Афон, или иначе Святая гора, особенно интриговал наших друзей. Известно было, что еще с IX века здесь «дикарями» жили отшельники, а уже в следующем столетии в этих местах выросли каменные стены первого монастыря, который успешно отразил натиск сарацинов. Еще сто лет спустя монах из Трапезунда Святой Анастасий создал монастырский устав, и монастыри стали расти как грибы, образовав нечто вроде монашеской республики, то подвергавшейся нападениям, то, наоборот, поддерживаемой различными завоевателями. Считалось, что тот, кому удавалось проплыть вдоль берегов пользующегося недоброй славой мыса Агиос-Георгиос с горой Афон, получал право именоваться настоящим моряком… Слава, слава! Магически звучит это слово для таких юношей, как Ирек. Сколько же трудов и подвигов можно совершить во имя ее!
— Просто какое-то божье наказание с этой лодкой, — нередко сетовала пани Леонардия. И дело было не только в опасностях, связанных с мальчишескими играми в капризных и бурных водах залива. Дело в том, что экспедиции ребят обычно завершались каким-либо непоправимым ущербом для дома. Исчезали забираемые на лодку чашки, ложки и ножи, причем брали их не просто так, а, как назло, из парадных, «гостевых» сервизов. Шпаклевка лодки почему-то производилась ножом для хлеба, а для окраски мелких царапин Лялек умудрился воспользоваться бритвенной кисточкой главы семьи — вещи дорогой и занимавшей почетное место на его туалетном столике. К тому же маникюрные щипчики пани Леонардии были использованы в качестве кусачек… для резки проволоки!

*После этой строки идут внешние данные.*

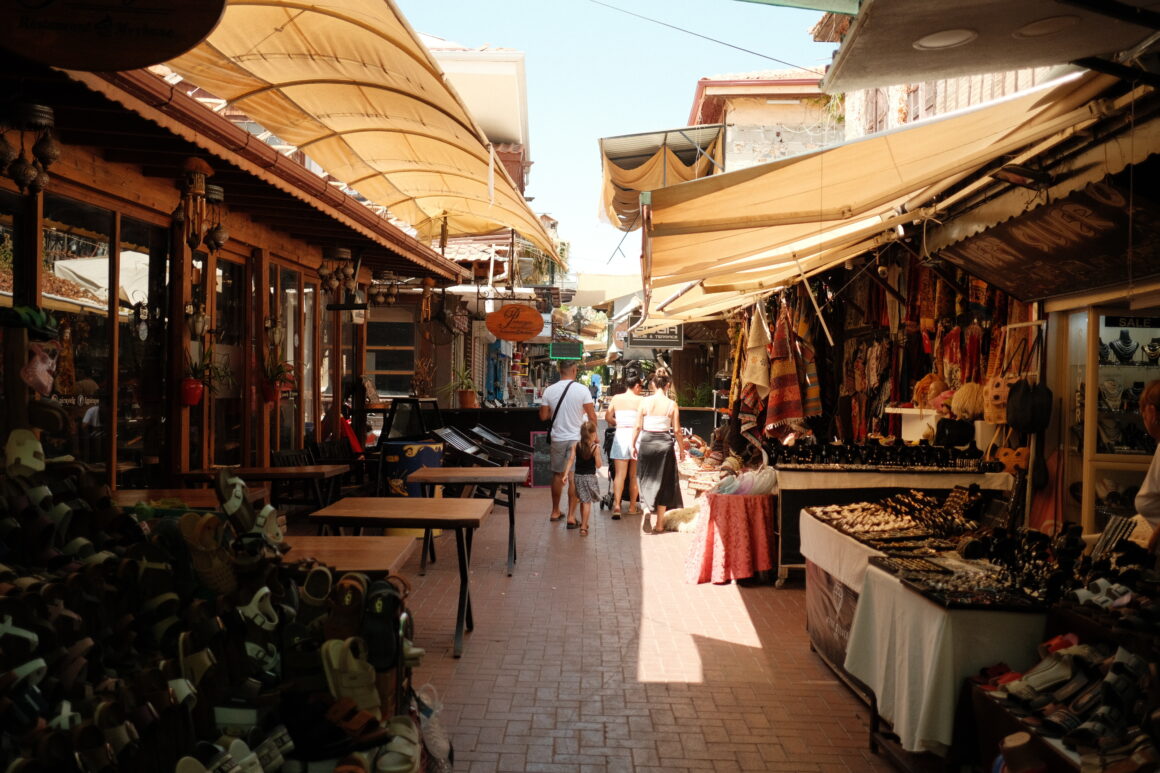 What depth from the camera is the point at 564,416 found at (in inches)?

Пани Леонардия ворчала, пан Ян объяснял все молодостью, которая должна «перебеситься», но иногда и их терпению приходил конец. В таких случаях притихшим путешественникам приходилось сносить домашние громы с молниями. Гроза проносилась над ними без особых результатов, и они только поглядывали на пана Яна — не возьмет ли тот цепь с замком и не посадит ли он лодку на эту цепь. Но иногда, когда престижу кого-либо из них грозила опасность, забывались все провинности, даже такие, как поломка мебели или вырезанный в кухонном полу линолеум…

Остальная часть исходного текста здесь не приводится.